Your task:
Look through the records below for the line with "Heavyweight Cotton Pique" and the line with "Book Cover for", then return those lines and all lines between, exactly.
═══ Input for this task
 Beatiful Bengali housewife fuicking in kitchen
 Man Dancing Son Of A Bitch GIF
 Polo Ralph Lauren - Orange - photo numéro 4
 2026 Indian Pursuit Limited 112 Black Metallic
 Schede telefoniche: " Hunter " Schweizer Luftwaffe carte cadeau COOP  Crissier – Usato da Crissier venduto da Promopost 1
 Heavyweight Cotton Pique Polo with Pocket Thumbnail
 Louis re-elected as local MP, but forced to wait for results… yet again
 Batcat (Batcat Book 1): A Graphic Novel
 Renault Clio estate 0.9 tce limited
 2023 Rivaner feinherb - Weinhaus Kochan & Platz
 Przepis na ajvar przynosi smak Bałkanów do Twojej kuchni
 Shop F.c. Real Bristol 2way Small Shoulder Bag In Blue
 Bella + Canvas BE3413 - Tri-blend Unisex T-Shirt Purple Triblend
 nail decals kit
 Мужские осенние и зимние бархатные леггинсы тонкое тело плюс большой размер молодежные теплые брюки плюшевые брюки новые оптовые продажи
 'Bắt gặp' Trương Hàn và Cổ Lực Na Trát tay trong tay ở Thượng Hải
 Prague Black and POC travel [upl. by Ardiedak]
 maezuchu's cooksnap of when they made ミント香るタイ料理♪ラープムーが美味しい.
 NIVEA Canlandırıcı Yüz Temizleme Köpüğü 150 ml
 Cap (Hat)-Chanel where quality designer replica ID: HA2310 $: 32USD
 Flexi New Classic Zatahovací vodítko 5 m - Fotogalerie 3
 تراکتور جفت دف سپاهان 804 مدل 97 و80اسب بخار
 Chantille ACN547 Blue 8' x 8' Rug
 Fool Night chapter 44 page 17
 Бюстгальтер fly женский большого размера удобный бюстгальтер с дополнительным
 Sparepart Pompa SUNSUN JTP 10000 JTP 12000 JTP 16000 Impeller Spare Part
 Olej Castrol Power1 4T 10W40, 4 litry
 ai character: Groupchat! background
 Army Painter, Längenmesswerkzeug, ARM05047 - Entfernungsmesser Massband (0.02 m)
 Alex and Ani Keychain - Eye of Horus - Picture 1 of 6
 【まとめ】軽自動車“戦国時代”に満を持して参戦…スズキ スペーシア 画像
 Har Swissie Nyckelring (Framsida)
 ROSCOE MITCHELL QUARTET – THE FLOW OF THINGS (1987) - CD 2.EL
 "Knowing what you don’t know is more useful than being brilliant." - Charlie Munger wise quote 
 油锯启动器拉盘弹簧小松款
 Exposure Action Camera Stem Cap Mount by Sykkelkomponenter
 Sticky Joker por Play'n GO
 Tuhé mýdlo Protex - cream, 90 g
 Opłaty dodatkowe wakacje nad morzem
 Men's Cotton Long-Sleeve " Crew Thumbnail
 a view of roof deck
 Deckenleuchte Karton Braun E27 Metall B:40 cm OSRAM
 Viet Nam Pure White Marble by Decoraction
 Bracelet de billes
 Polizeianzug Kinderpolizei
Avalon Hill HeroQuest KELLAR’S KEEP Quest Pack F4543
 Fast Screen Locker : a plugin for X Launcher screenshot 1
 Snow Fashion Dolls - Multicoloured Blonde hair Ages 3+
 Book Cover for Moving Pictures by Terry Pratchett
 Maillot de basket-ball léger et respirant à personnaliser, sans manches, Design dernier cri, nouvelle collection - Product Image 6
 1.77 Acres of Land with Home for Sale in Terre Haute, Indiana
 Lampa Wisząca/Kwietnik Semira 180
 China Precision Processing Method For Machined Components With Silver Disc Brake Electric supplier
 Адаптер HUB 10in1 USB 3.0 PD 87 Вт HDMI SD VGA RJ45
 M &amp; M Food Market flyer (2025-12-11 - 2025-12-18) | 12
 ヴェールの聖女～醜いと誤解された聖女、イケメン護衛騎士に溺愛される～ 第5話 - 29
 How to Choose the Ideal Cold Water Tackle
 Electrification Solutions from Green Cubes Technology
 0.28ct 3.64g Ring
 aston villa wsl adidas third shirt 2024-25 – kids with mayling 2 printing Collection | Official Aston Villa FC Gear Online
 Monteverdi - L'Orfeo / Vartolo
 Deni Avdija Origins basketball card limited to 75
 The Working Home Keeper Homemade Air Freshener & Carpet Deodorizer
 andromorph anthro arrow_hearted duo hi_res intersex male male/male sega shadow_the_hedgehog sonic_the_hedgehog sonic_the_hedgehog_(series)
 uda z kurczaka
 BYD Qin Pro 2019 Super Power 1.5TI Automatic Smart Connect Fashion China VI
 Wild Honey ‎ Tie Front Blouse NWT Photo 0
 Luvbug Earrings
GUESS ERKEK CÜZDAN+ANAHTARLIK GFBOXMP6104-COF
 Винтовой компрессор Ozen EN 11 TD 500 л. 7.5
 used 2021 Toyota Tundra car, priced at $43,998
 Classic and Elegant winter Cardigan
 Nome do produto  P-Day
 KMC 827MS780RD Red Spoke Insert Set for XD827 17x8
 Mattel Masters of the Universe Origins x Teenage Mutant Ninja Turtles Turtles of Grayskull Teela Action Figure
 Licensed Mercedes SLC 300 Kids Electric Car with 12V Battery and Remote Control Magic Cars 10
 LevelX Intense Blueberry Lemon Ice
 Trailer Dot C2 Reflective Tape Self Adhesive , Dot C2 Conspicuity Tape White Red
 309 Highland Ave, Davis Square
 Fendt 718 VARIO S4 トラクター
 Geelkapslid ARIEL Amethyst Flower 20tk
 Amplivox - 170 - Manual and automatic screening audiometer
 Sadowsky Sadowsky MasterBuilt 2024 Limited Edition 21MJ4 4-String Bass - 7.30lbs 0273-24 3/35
══════
Exercise result:
 Heavyweight Cotton Pique Polo with Pocket Thumbnail
 Louis re-elected as local MP, but forced to wait for results… yet again
 Batcat (Batcat Book 1): A Graphic Novel
 Renault Clio estate 0.9 tce limited
 2023 Rivaner feinherb - Weinhaus Kochan & Platz
 Przepis na ajvar przynosi smak Bałkanów do Twojej kuchni
 Shop F.c. Real Bristol 2way Small Shoulder Bag In Blue
 Bella + Canvas BE3413 - Tri-blend Unisex T-Shirt Purple Triblend
 nail decals kit
 Мужские осенние и зимние бархатные леггинсы тонкое тело плюс большой размер молодежные теплые брюки плюшевые брюки новые оптовые продажи
 'Bắt gặp' Trương Hàn và Cổ Lực Na Trát tay trong tay ở Thượng Hải
 Prague Black and POC travel [upl. by Ardiedak]
 maezuchu's cooksnap of when they made ミント香るタイ料理♪ラープムーが美味しい.
 NIVEA Canlandırıcı Yüz Temizleme Köpüğü 150 ml
 Cap (Hat)-Chanel where quality designer replica ID: HA2310 $: 32USD
 Flexi New Classic Zatahovací vodítko 5 m - Fotogalerie 3
 تراکتور جفت دف سپاهان 804 مدل 97 و80اسب بخار
 Chantille ACN547 Blue 8' x 8' Rug
 Fool Night chapter 44 page 17
 Бюстгальтер fly женский большого размера удобный бюстгальтер с дополнительным
 Sparepart Pompa SUNSUN JTP 10000 JTP 12000 JTP 16000 Impeller Spare Part
 Olej Castrol Power1 4T 10W40, 4 litry
 ai character: Groupchat! background
 Army Painter, Längenmesswerkzeug, ARM05047 - Entfernungsmesser Massband (0.02 m)
 Alex and Ani Keychain - Eye of Horus - Picture 1 of 6
 【まとめ】軽自動車“戦国時代”に満を持して参戦…スズキ スペーシア 画像
 Har Swissie Nyckelring (Framsida)
 ROSCOE MITCHELL QUARTET – THE FLOW OF THINGS (1987) - CD 2.EL
 "Knowing what you don’t know is more useful than being brilliant." - Charlie Munger wise quote 
 油锯启动器拉盘弹簧小松款
 Exposure Action Camera Stem Cap Mount by Sykkelkomponenter
 Sticky Joker por Play'n GO
 Tuhé mýdlo Protex - cream, 90 g
 Opłaty dodatkowe wakacje nad morzem
 Men's Cotton Long-Sleeve " Crew Thumbnail
 a view of roof deck
 Deckenleuchte Karton Braun E27 Metall B:40 cm OSRAM
 Viet Nam Pure White Marble by Decoraction
 Bracelet de billes
 Polizeianzug Kinderpolizei
Avalon Hill HeroQuest KELLAR’S KEEP Quest Pack F4543
 Fast Screen Locker : a plugin for X Launcher screenshot 1
 Snow Fashion Dolls - Multicoloured Blonde hair Ages 3+
 Book Cover for Moving Pictures by Terry Pratchett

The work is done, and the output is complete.